===== Data section =====
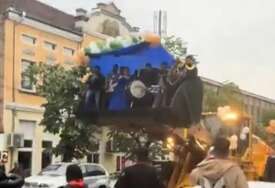 (VIDEO) "Met Gala verzija za Balkance" Maturantkinja na proslavu STIGLA U KAŠICI BAGERA, trubači je pratili do ulaza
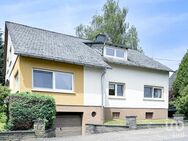 Großzügiges Einfamilienhaus mit sonnenverwöhntem Garten in Rennerod - Rennerod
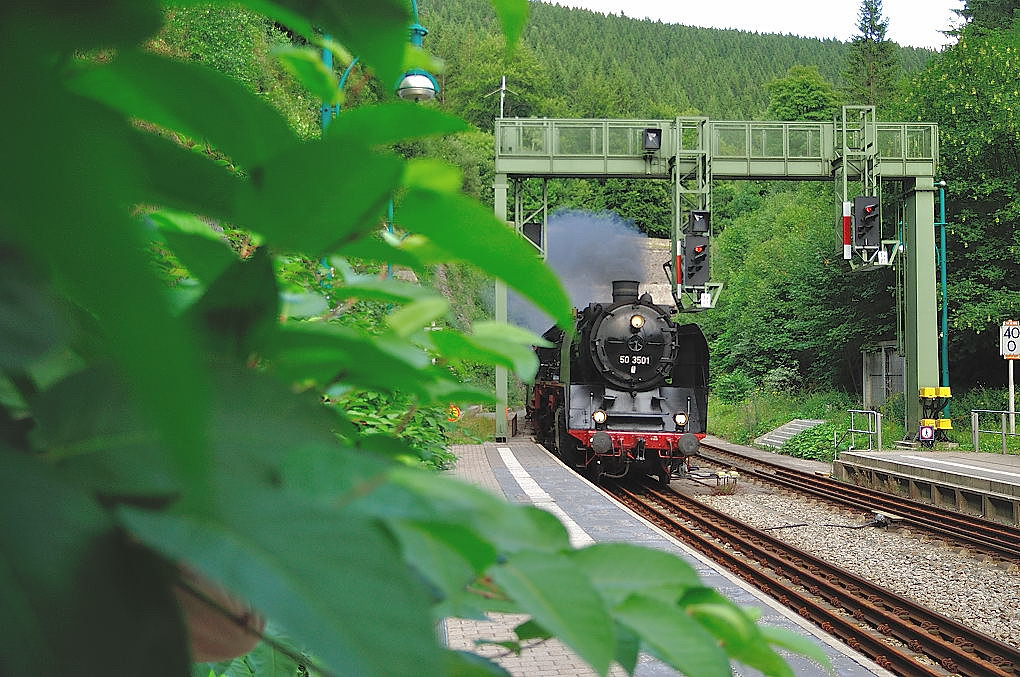 DSC 7716 50 3501 Durchfahrt Oberhof 01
=====
Could you give the listing above again word for word, without any pictures?

 (VIDEO) "Met Gala verzija za Balkance" Maturantkinja na proslavu STIGLA U KAŠICI BAGERA, trubači je pratili do ulaza
 Großzügiges Einfamilienhaus mit sonnenverwöhntem Garten in Rennerod - Rennerod
 DSC 7716 50 3501 Durchfahrt Oberhof 01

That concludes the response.